__To do__.
Drop the images. Copy every line below character for character.

Information supplied START

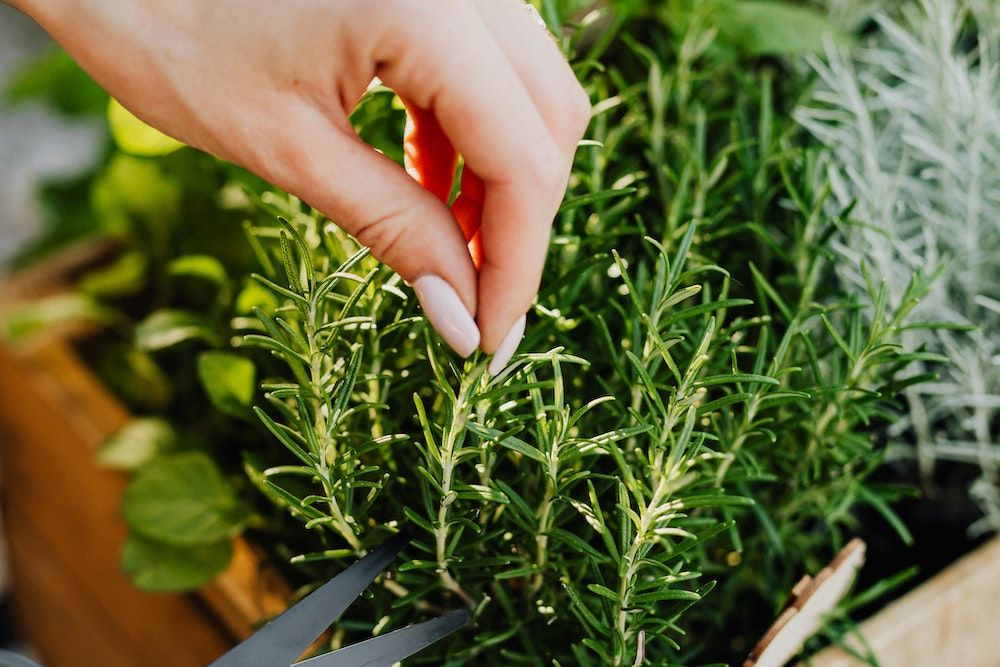 Person Cutting a Rosemary Herb Using Black Scissors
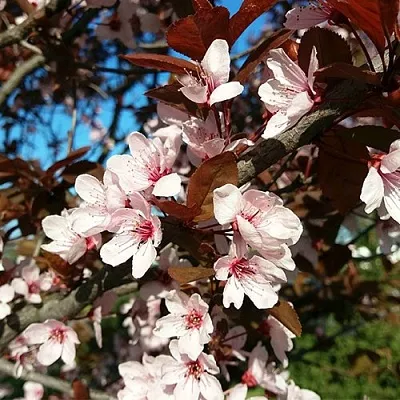 Слива ВУДИ растопыренная в Тюмени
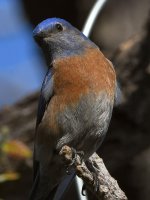 Bluebird7.jpg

Information supplied END

__Result for this exercise__.
 Person Cutting a Rosemary Herb Using Black Scissors
 Слива ВУДИ растопыренная в Тюмени
 Bluebird7.jpg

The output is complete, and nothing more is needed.